Copy exactly, and only, the lines from the one with "Senhora Muculmana Expressao" to the end of the listing; omit pictures.

# # # # # # #

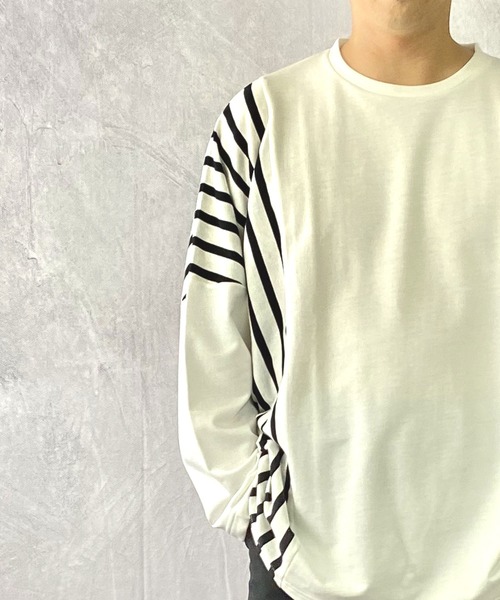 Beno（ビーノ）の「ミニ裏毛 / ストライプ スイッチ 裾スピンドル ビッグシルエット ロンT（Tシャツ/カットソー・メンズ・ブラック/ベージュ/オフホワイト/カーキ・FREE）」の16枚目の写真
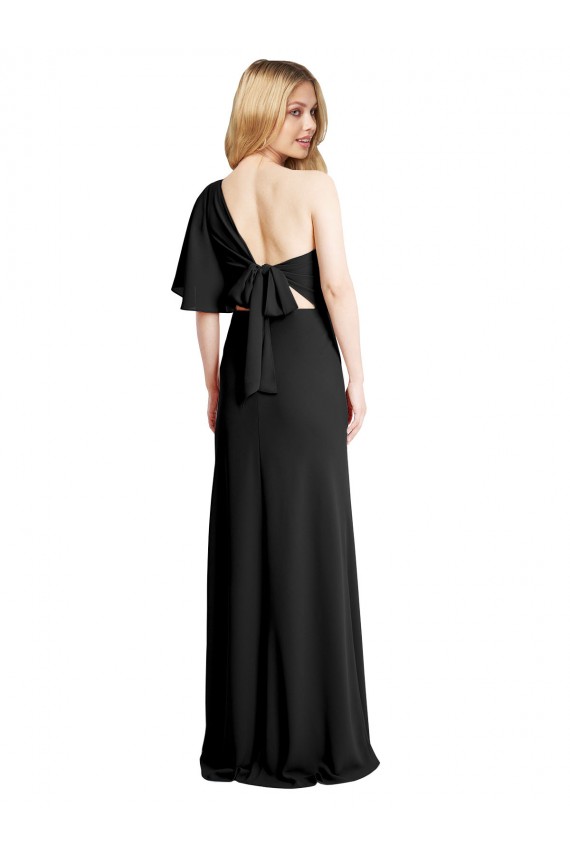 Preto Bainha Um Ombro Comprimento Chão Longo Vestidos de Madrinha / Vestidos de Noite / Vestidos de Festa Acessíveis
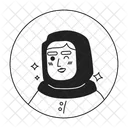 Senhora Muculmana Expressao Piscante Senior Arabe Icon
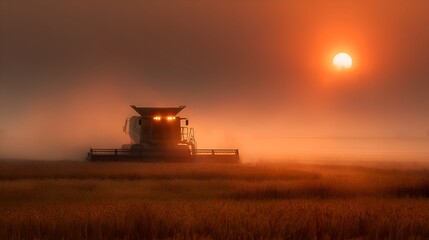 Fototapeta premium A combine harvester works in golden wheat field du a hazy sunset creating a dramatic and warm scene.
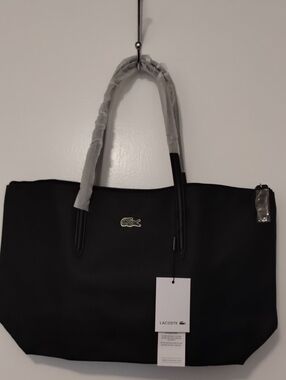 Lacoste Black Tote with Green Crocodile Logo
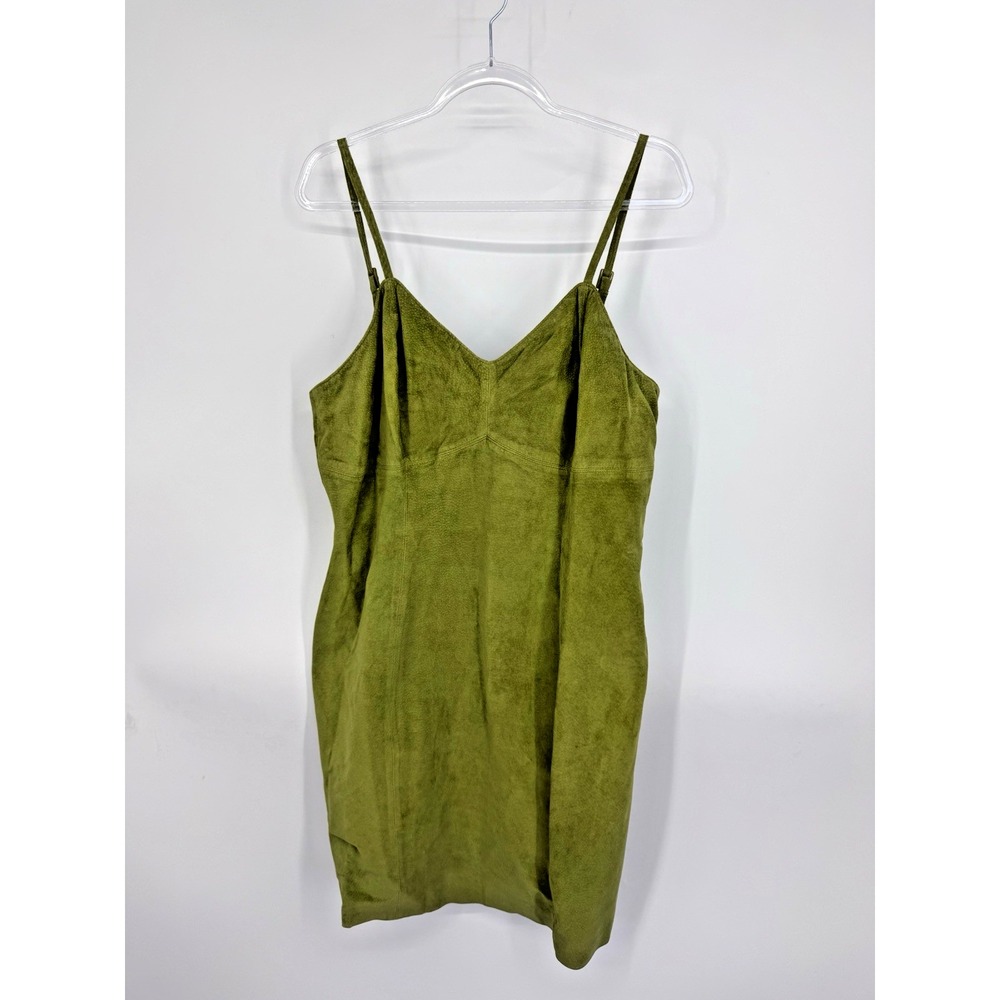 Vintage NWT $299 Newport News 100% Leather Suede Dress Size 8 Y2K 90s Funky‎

# # # # # # #

◆ **Written solution**
 Senhora Muculmana Expressao Piscante Senior Arabe Icon
 Fototapeta premium A combine harvester works in golden wheat field du a hazy sunset creating a dramatic and warm scene.
 Lacoste Black Tote with Green Crocodile Logo
 Vintage NWT $299 Newport News 100% Leather Suede Dress Size 8 Y2K 90s Funky‎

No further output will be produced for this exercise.